# WORK ITEM
Beginning with the line of the entries below that holds "Call Patty Insurance Services" and ending with the line that holds "Brother DR-2590 unitate cilindru", transcribe each line exactly as written. Pictures stay out.

# THE DATA
--- START ---

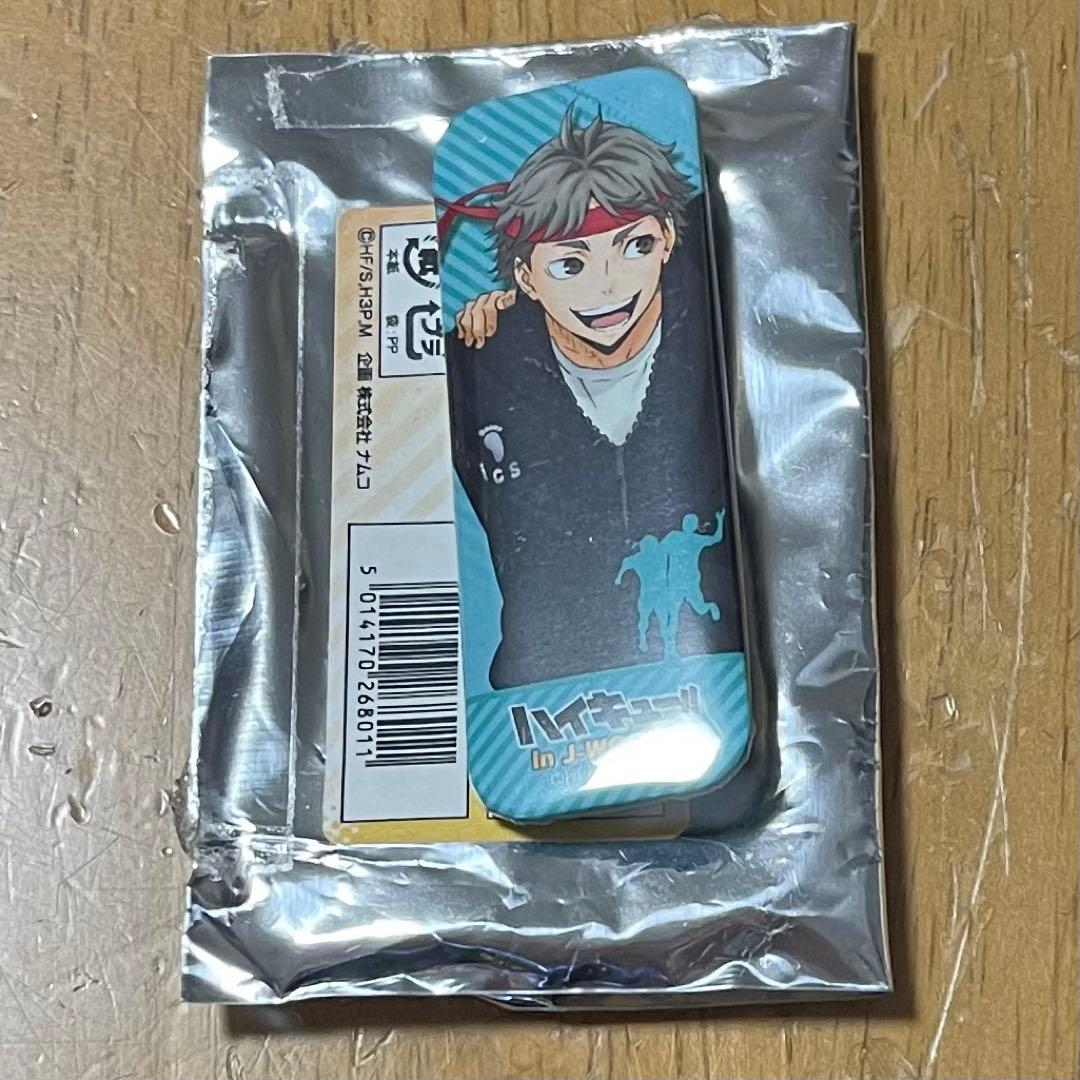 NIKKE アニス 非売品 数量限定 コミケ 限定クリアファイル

--- END ---
--- START ---

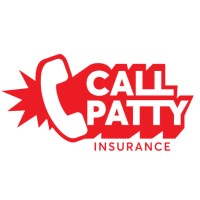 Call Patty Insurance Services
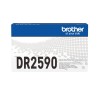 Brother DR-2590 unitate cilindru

--- END ---

# EXERCISE SOLUTION
 Call Patty Insurance Services
 Brother DR-2590 unitate cilindru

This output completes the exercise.